Uncertainty continues over delays on the update of Wind Farm Guidelines
The Government has confirmed that the update to the Wind Farm Guidelines will be delayed once again, until the end of the year. Late last year, the Government already deferred the decision as a European Court ruling imposed a process of public consultation before the guidelines are issued.
The update to the 2006 Guidelines is controversial by nature, as it requires a revision of the lay down rules on how far wind turbines should be set back from residential dwellings, on noise aspects, as well as light and shadow “flicker” from the rotating blades. In this sense, residents currently feel unprotected as no minimum distance is set, and developers feel that the application of disproportionate measures will be in detriment of the development of Wind Energy in Ireland. IWEA’s call in the matter is for international standards to be applied and they propose to continue applying the 500m advisory distance.

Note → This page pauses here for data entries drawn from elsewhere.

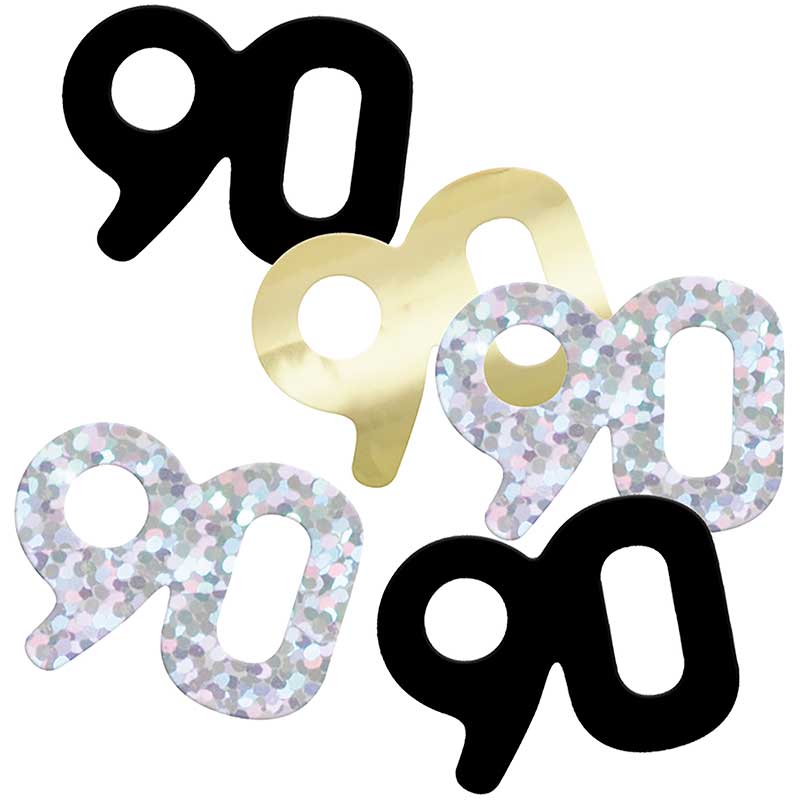 5oz GLITZ BLACK 90TH BIRTHDAY CONFETTI
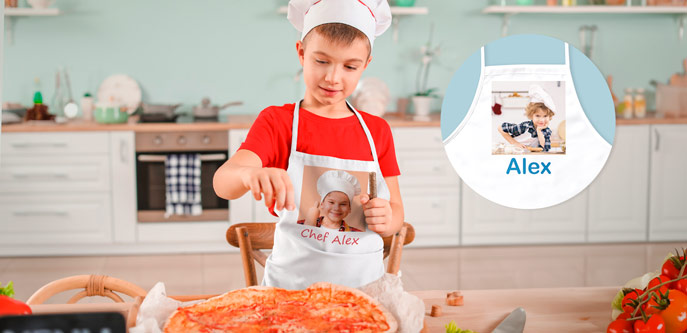 Personalised Kitchen Apron for Kids with Photo
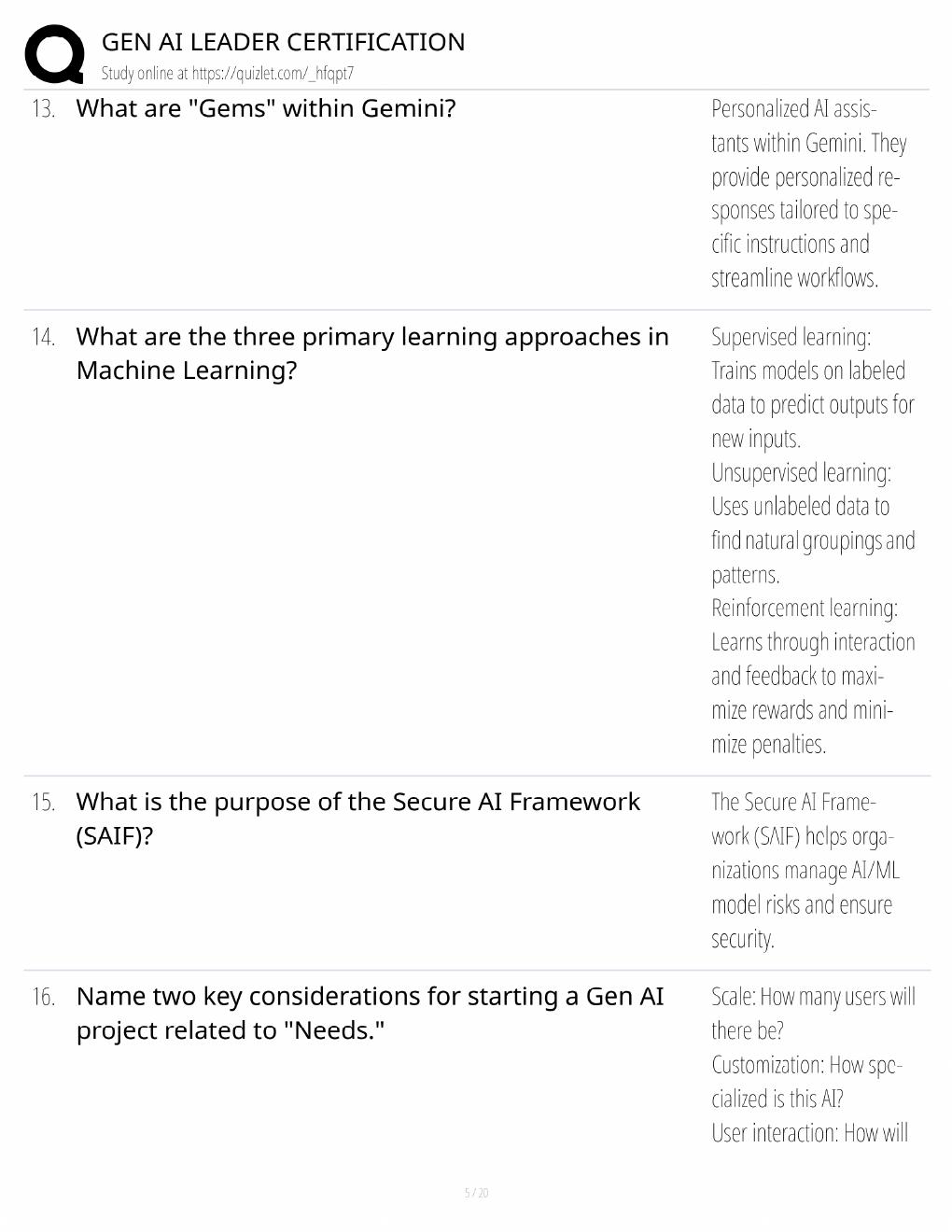 Preview page 5 of Gen AI Leader Study Guide / Certification Exam Prep / Score 100% / 2025 Update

This new delay creates more uncertainty for the sector. Even though Wind Turbines are not a risk to human health, annoyance associated with living near wind turbines is a complex phenomenon. However, these can often be mitigated. Clarity and an open dialogue between developers and the worried residents should be established, as well as leadership from the Government on the matter, to avoid further delays and continue developing the Wind Energy sector at a crucial time when the EU fines for not meeting the 2020 targets are looming over us.